→ What to produce:
Dropping every picture, set down exactly the lines in the entries below, starting with the line with "遊漁船SOUTH 8/29釣果" and going on through the line with "Male Testosterone Production with Age".

→ Provided information:
Segment Open

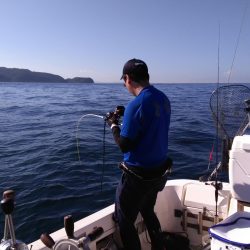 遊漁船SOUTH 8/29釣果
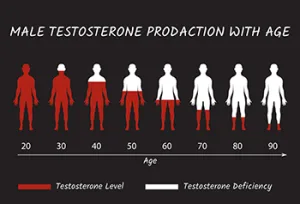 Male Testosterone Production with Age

Segment Closed
Segment Open

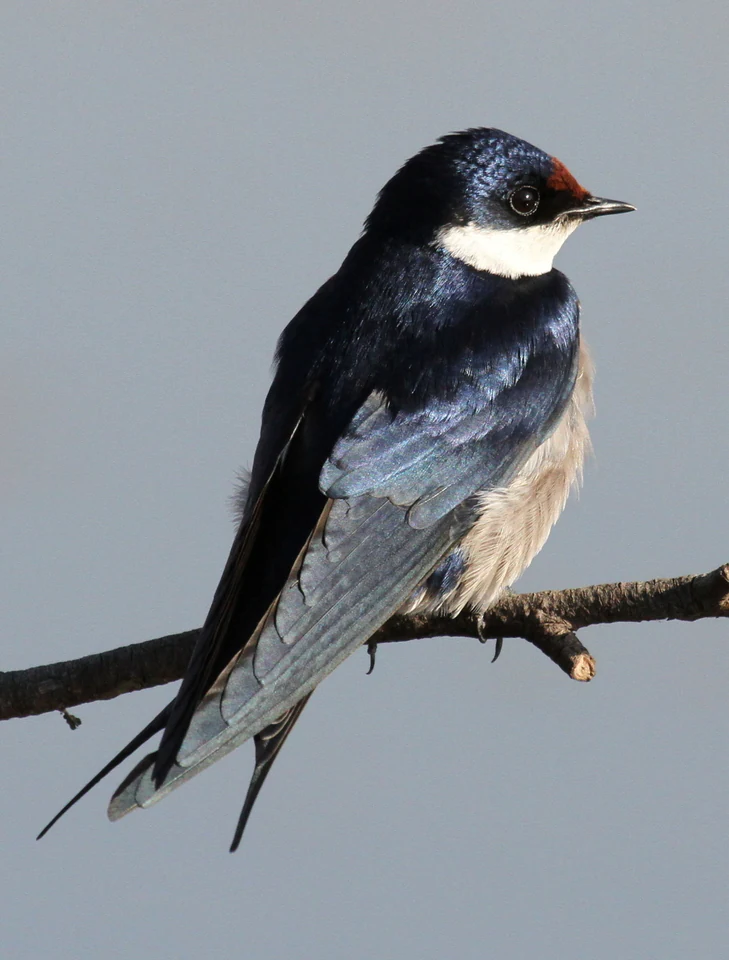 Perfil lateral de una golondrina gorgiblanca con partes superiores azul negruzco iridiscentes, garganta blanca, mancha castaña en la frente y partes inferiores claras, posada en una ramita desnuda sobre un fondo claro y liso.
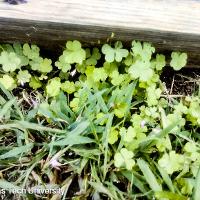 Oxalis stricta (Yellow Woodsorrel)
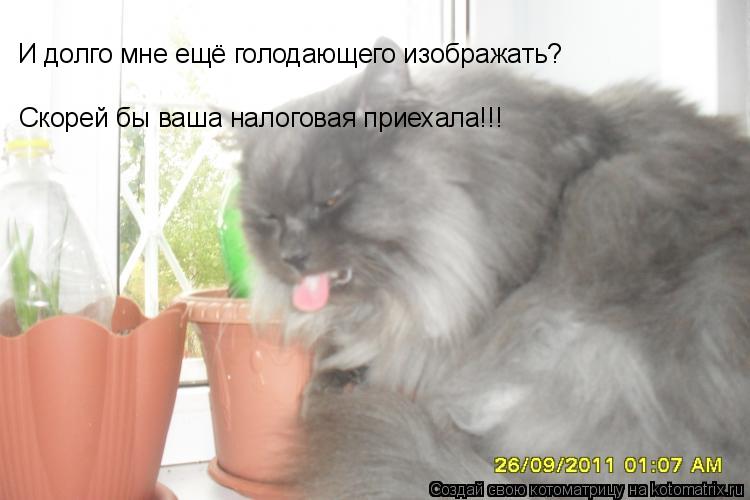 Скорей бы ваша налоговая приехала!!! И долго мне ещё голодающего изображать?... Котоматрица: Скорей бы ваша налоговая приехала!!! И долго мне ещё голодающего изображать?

Segment Closed

→ Result for this task:
 遊漁船SOUTH 8/29釣果
 Male Testosterone Production with Age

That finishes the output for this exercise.